- Opening Delimiter -

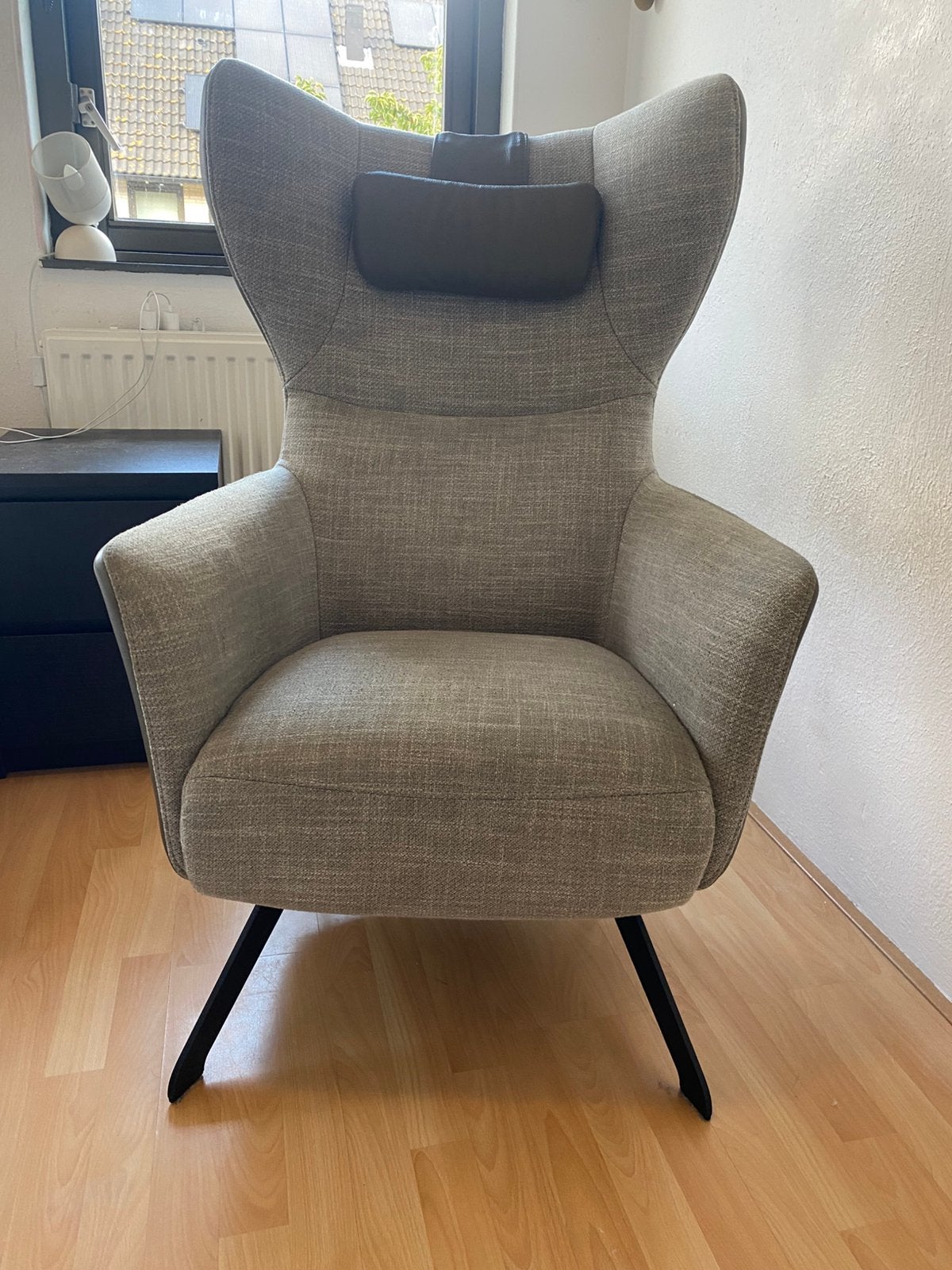 Montel Eric Fauteuil - Olijfgroen, Ophalen, 75 tot 100 cm, Zo goed als nieuw, Stof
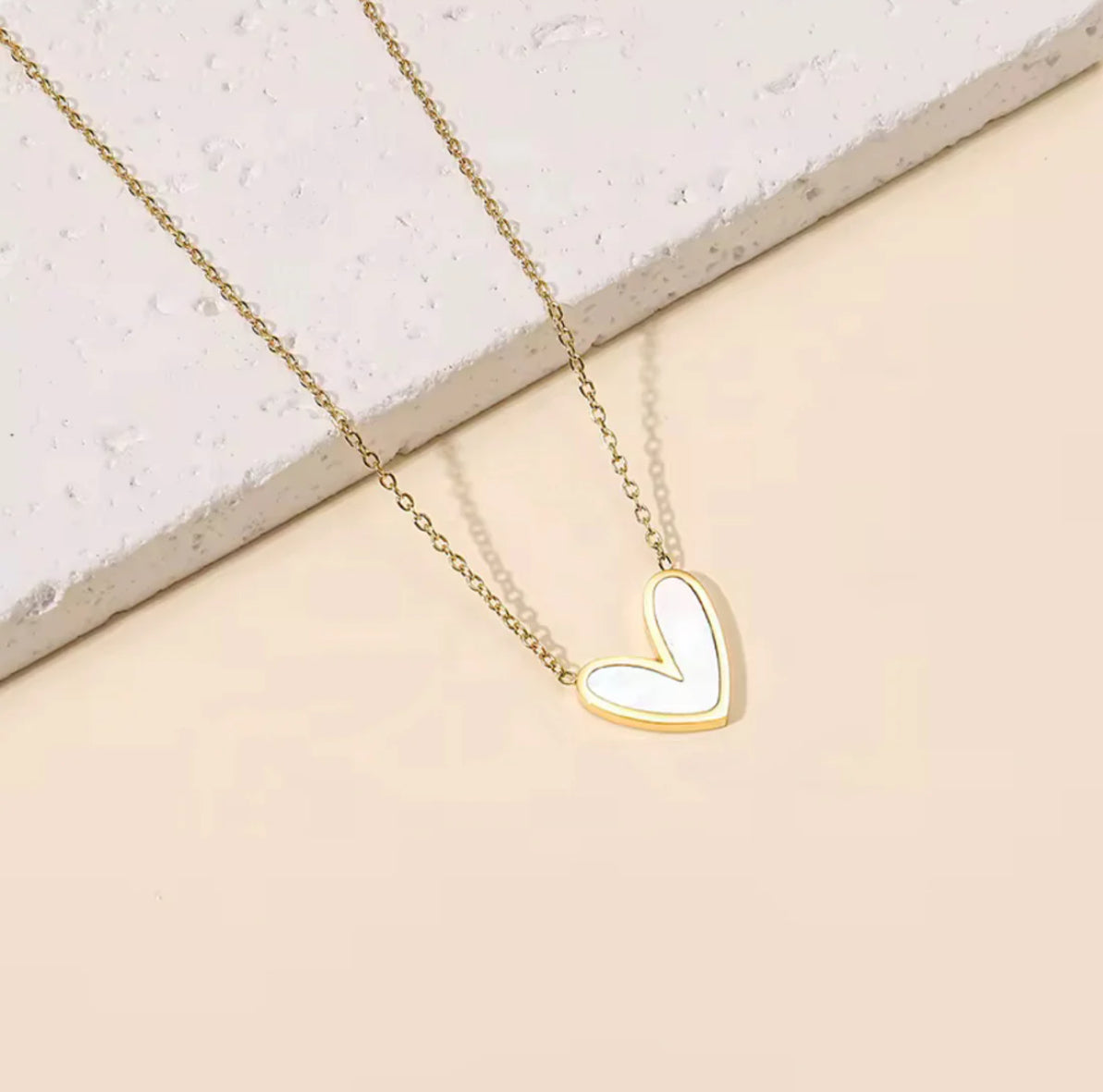 Everheart necklace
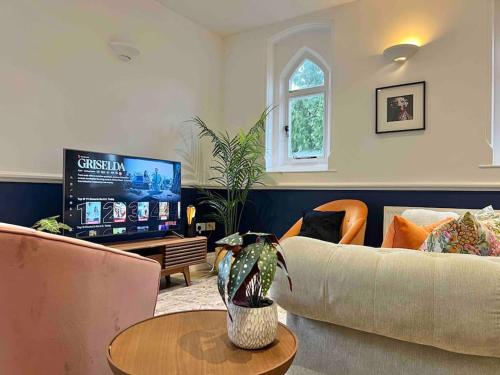 INCREDIBLE 3 Bedrooms Windsor Home, Free Parking - A Blend of Luxury and Character - Incredible Location - Windsor Castle, Ascot, Legoland, Heathrow Airport, Windsor (foto 5)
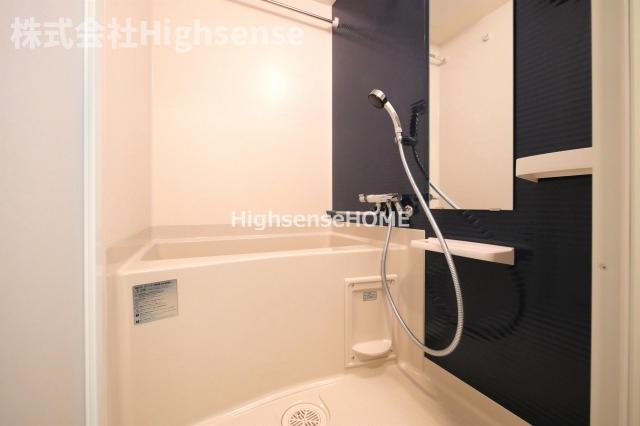 バス・シャワールーム　お風呂です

- Closing Delimiter -

**PROBLEM TO WORK ON**
An exact copy of the listing is required; return it without any pictures.

**OUTPUT FOR THIS EXERCISE**
 Montel Eric Fauteuil - Olijfgroen, Ophalen, 75 tot 100 cm, Zo goed als nieuw, Stof
 Everheart necklace
 INCREDIBLE 3 Bedrooms Windsor Home, Free Parking - A Blend of Luxury and Character - Incredible Location - Windsor Castle, Ascot, Legoland, Heathrow Airport, Windsor (foto 5)
 バス・シャワールーム　お風呂です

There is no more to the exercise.